> What you are asked to do
The answer must consist of the listing, reproduced exactly.
[Recorded data Boundary: Start]
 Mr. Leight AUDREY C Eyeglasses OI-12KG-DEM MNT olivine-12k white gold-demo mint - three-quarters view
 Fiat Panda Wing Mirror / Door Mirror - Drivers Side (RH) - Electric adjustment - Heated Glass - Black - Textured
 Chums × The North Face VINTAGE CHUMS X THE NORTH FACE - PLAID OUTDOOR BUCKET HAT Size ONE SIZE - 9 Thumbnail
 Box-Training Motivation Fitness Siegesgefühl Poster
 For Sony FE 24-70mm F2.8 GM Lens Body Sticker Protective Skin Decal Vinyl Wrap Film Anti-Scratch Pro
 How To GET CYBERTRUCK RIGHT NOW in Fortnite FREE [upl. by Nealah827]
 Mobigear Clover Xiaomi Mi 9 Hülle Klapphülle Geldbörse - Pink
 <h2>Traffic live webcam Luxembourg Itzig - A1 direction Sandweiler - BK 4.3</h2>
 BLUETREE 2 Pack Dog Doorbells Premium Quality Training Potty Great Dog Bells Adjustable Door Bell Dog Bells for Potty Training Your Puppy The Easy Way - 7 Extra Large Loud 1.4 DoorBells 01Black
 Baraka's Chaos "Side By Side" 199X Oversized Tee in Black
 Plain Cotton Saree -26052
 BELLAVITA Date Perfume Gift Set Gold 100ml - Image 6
[Recorded data Boundary: End]
> Answer to this problem
 Mr. Leight AUDREY C Eyeglasses OI-12KG-DEM MNT olivine-12k white gold-demo mint - three-quarters view
 Fiat Panda Wing Mirror / Door Mirror - Drivers Side (RH) - Electric adjustment - Heated Glass - Black - Textured
 Chums × The North Face VINTAGE CHUMS X THE NORTH FACE - PLAID OUTDOOR BUCKET HAT Size ONE SIZE - 9 Thumbnail
 Box-Training Motivation Fitness Siegesgefühl Poster
 For Sony FE 24-70mm F2.8 GM Lens Body Sticker Protective Skin Decal Vinyl Wrap Film Anti-Scratch Pro
 How To GET CYBERTRUCK RIGHT NOW in Fortnite FREE [upl. by Nealah827]
 Mobigear Clover Xiaomi Mi 9 Hülle Klapphülle Geldbörse - Pink
 <h2>Traffic live webcam Luxembourg Itzig - A1 direction Sandweiler - BK 4.3</h2>
 BLUETREE 2 Pack Dog Doorbells Premium Quality Training Potty Great Dog Bells Adjustable Door Bell Dog Bells for Potty Training Your Puppy The Easy Way - 7 Extra Large Loud 1.4 DoorBells 01Black
 Baraka's Chaos "Side By Side" 199X Oversized Tee in Black
 Plain Cotton Saree -26052
 BELLAVITA Date Perfume Gift Set Gold 100ml - Image 6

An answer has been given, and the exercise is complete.